Грегори снял крышечку с малюсенького алюминиевого двигателя в брюшке «Вампира» и ввел туда бурый цилиндрик твердого топлива. Он продернул дюйм фитилька сквозь дырочку, поднял самолет на уровень плеча за обрубок фюзеляжа и попросил мать поджечь фитиль. Когда фитиль затрещал и забрызгал искрами, Грегори осторожно запустил «Вампир» в приветливый воздух.
Модель планировала идеально, словно стремясь подтвердить, каким тщательным был труд Грегори. Беда заключалась в том, что она продолжала идеально планировать и опустилась на траву внизу, приземлившись целой и невредимой. Вероятно, фитилек сгорел слишком рано и не успел воспламенить топливо, либо топливо было слишком влажным или слишком сухим, или еще что-то. Они спустились с лестницы и подобрали сверкающий золотой «Вампир».
Двигателя в нем не было, была подпалина на папиросной бумаге и отверстие в брюшке фюзеляжа. Джин увидела, как насупился Грегори: двигатель, видимо, выпал при запуске.
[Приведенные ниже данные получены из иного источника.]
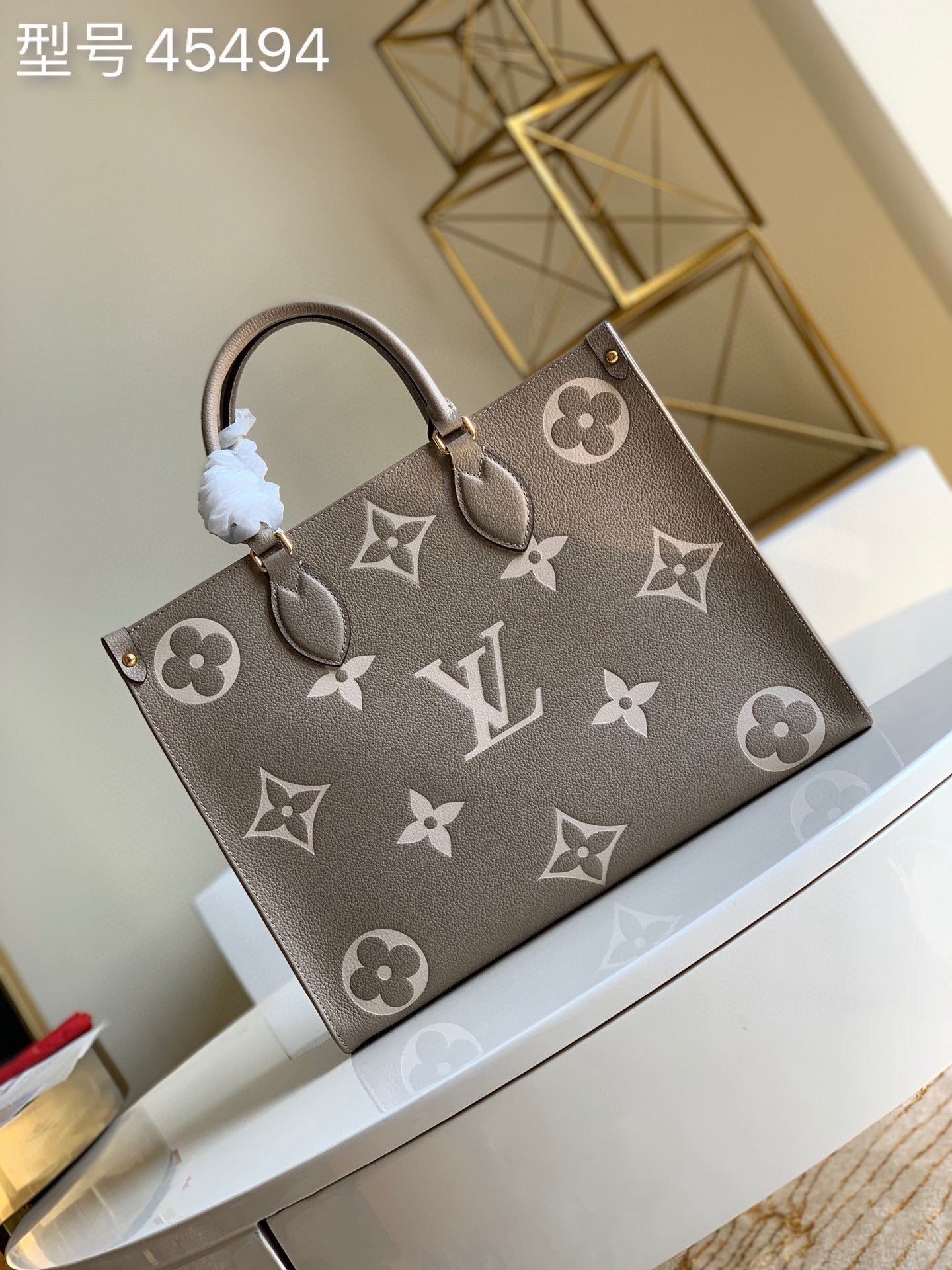 Louis Vuitton Onthego Bicolor PM, MM, GM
Сначала они поискали у лестницы, ничего не нашли и продолжали поиски до того места, где самолет приземлился. Затем они возобновили поиски под разными углами к линии полета, пока радиус их поисков не поставил под сомнение конструкторские таланты Грегори, он замолчал и ушел в дом. Ближе к вечеру под неодобрительно хмурящимся небом Джин обнаружила алюминиевый цилиндрик в живой изгороди за елками. С двигателем все было в порядке, двигатель, безусловно, совершил полет. Просто «Вампир» он оставил позади, только и всего.